Fast forwarding through various misfortunes and misery during his voyages at sea, he ultimately landed in the Bay de Todos los Santos, Brazil.  Here, he made quarters with a man who owned an ingenio, or a plantation and sugar-house. After living there for some years, he started to assimilate, learning their language as well as how to manage his own sugar plantation.  It was then that he realized he was “coming into the very middle station, or upper degree of lower life,” which his father had arranged for him in England. He ultimately achieved what he sought to escape.

Robinson had but every reason to remain in Brazil where he was making a living for himself, which he could have used to return to England if he so pleased.  However, he felt as though he was “born to be his own destroyer,” and, seeking freedom and adventure, agreed to venture to Africa among the proposal of retrieving slaves to assist in his plantation as well as those of his neighbors.  

Venturing out to sea again, he ultimately threw away his new-found and self-made middle-class life.  He soon found himself stranded on an island with nothing but a dog, a cat, and the remains of his ship.  

For the next 28 years, two months and 19 days he inhabited this island.  Indeed he was overwhelmingly sad and lonely for the first handful of years.  He often thought about his escape, and once attempted to craft his way home via canoe.  After creating not one but two furnished homes for himself on this island, acquiring “servants” after saving slaves from cannibals, taming goats and rapidly reproducing cats, and there being of no shortage of food, he realized he ultimately ruled this land as King.  Robinson was content.
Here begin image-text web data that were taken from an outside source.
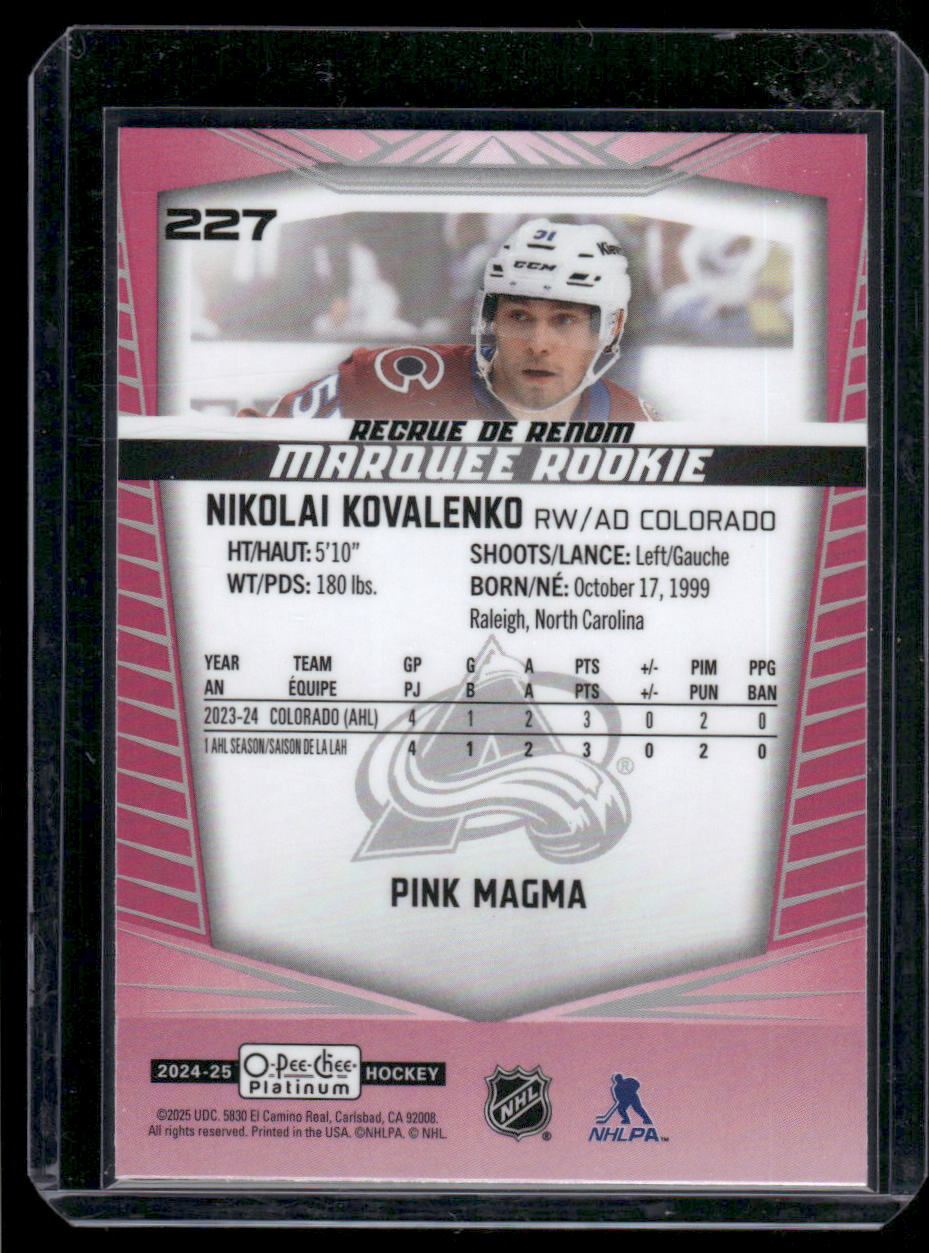 2024-25 O-Pee-Chee Platinum #227 Nikolai Kovalenko Pink Magma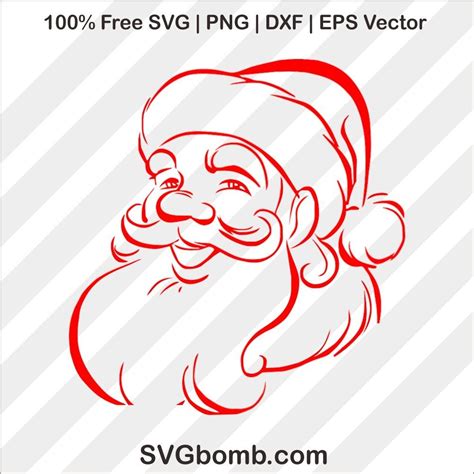 Santa Claus Outline SVG Cut File | SVGbomb.com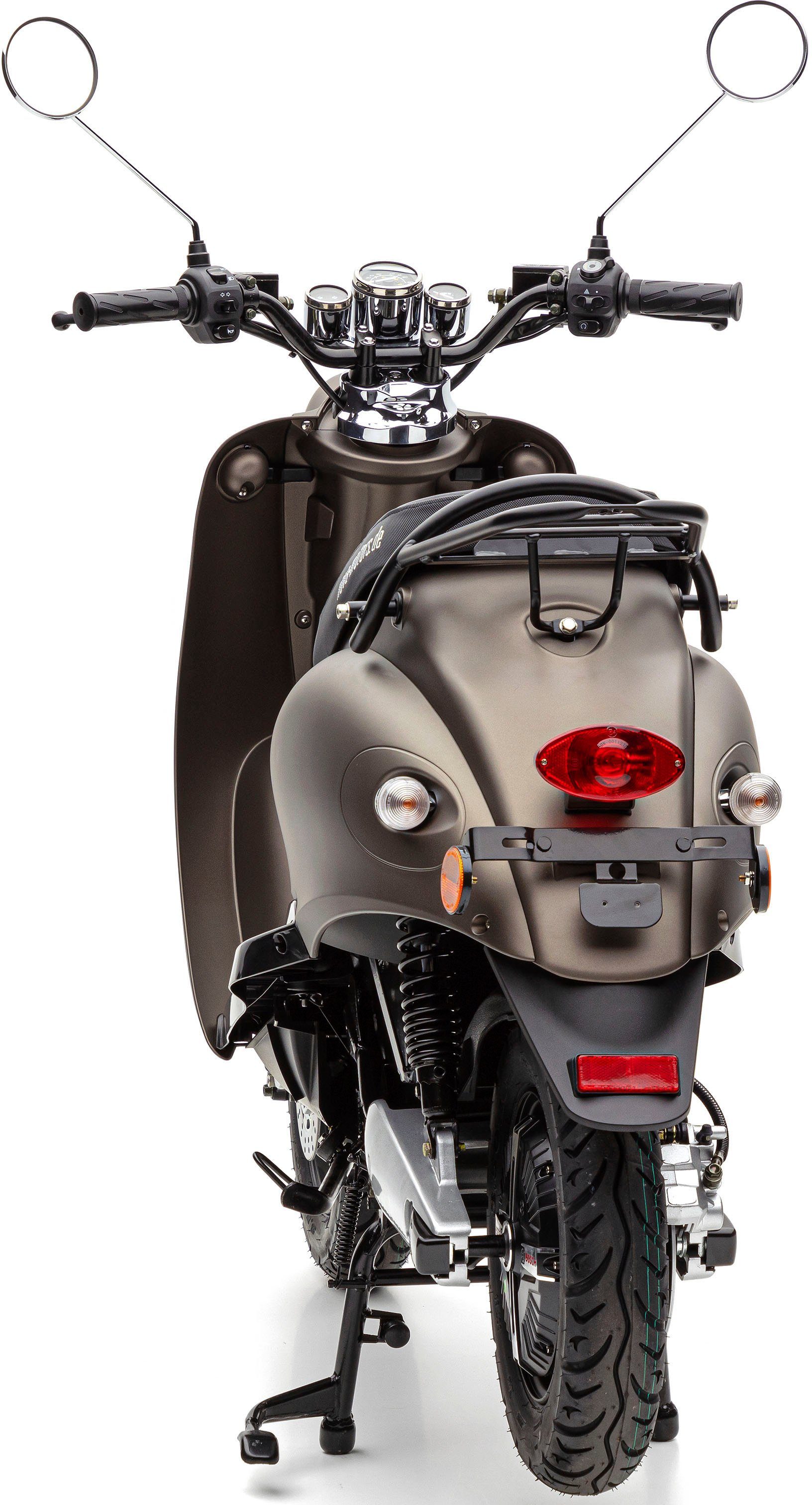 Nova 2000 schwarz E-Motorroller Motors härteverstellbare Star km/h, hinten W, eRetro Li, 45 | Dual-Stoßdämpfer braun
But, back to money and happiness. Yes, Robinson initially went to sea both to adventure and take part in trade to make some profits.  However, his search for money is what led to his ultimate misery which he did not escape until happily ruling his island and finding peace.  Many argue that money can buy happiness, because it can buy experiences – but obviously not all experiences are worth buying. Some of the worst and best experiences of our lives are available for the taking, but not available for purchase.  Money had no relevance to living on the island at all, and while he had a great fortune from his Brazil plantation upon his deliverance from being stranded, he gave much of this away to those who helped him throughout his hardships. Robinson even ventured back to his Island after escaping on eagerness to continue his traveling lifestyle.

Money never helped him through his hardships, people did.  Perhaps Robinson’s happiness was brought to him through his own self reliance along with the relationships he formed during his adventures.  Not only his outside relationships, but his relationship with himself ultimately saved him.

To conclude my argument; money can’t buy happiness, relationships build happiness.